* WORK ITEM *
Go over the records and copy every line with the string "Audi".
EXERCISE INPUT START
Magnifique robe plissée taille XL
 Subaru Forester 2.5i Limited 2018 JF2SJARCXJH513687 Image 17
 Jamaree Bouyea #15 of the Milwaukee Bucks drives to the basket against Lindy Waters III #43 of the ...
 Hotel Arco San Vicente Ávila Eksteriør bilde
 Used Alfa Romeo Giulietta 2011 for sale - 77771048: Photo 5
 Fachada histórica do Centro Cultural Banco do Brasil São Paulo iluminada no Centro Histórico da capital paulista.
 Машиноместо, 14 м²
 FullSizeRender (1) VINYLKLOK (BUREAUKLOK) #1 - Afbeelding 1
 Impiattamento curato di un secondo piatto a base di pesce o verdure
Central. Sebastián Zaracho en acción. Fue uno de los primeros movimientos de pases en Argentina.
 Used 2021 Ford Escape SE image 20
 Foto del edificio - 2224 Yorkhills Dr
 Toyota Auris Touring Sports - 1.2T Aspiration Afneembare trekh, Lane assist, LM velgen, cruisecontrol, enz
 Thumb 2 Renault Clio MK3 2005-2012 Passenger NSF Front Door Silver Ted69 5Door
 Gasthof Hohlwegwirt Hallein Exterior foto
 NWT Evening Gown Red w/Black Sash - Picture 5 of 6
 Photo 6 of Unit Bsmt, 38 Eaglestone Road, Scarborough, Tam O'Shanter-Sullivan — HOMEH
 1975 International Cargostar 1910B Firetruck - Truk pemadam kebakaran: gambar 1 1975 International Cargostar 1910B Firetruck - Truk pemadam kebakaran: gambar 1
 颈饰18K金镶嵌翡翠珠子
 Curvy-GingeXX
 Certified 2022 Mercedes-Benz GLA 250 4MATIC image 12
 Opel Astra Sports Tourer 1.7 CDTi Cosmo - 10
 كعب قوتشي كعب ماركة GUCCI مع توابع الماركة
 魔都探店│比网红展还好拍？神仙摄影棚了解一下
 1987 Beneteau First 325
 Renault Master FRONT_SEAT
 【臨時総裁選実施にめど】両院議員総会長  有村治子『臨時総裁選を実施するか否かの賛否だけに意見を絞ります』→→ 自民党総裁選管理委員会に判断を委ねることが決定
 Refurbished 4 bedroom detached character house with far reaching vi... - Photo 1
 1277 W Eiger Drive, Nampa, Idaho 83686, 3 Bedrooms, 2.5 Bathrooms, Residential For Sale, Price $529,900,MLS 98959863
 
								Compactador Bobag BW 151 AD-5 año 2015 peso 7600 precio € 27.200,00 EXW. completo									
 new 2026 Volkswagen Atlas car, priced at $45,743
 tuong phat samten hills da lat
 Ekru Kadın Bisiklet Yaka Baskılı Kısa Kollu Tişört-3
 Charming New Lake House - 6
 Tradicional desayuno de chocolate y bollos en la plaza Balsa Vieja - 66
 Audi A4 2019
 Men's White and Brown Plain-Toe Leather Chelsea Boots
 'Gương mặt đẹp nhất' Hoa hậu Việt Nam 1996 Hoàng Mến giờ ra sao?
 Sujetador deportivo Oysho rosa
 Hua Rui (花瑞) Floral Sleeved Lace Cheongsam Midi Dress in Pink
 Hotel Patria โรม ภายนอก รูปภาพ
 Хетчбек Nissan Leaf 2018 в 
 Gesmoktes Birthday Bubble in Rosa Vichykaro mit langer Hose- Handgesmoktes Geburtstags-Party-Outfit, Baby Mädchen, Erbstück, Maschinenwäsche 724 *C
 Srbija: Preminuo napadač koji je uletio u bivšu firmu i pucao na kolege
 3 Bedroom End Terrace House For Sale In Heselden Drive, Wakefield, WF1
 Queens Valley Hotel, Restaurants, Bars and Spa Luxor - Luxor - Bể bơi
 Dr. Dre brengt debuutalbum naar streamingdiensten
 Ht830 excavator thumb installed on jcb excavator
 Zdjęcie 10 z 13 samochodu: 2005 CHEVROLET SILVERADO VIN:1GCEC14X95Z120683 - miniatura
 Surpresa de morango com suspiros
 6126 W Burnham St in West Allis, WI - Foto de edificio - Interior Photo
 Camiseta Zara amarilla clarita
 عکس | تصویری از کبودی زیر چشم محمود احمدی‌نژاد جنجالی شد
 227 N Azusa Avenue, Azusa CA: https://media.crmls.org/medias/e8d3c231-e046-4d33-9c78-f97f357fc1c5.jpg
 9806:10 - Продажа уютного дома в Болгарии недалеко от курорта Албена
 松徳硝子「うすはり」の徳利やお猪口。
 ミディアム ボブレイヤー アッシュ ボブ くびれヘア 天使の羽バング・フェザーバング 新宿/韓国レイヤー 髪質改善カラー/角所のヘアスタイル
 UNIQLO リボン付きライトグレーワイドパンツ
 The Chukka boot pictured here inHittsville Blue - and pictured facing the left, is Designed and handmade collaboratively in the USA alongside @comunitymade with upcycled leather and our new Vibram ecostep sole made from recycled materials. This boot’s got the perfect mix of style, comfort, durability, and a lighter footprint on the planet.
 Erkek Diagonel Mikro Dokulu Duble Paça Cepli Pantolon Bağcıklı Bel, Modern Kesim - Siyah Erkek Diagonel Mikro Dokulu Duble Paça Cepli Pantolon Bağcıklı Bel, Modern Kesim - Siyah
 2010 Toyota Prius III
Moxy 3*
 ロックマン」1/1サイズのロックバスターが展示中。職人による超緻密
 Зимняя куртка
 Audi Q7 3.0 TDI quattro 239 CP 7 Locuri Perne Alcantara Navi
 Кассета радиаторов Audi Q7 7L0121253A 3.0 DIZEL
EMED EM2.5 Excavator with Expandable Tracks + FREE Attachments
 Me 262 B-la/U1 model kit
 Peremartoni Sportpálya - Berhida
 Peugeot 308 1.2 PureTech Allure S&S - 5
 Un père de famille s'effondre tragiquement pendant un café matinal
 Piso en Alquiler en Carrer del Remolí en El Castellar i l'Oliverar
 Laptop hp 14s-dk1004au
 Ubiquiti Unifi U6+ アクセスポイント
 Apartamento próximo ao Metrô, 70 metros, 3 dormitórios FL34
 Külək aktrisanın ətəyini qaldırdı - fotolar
EXERCISE INPUT END
* OUTPUT *
 Audi A4 2019
 Audi Q7 3.0 TDI quattro 239 CP 7 Locuri Perne Alcantara Navi
 Кассета радиаторов Audi Q7 7L0121253A 3.0 DIZEL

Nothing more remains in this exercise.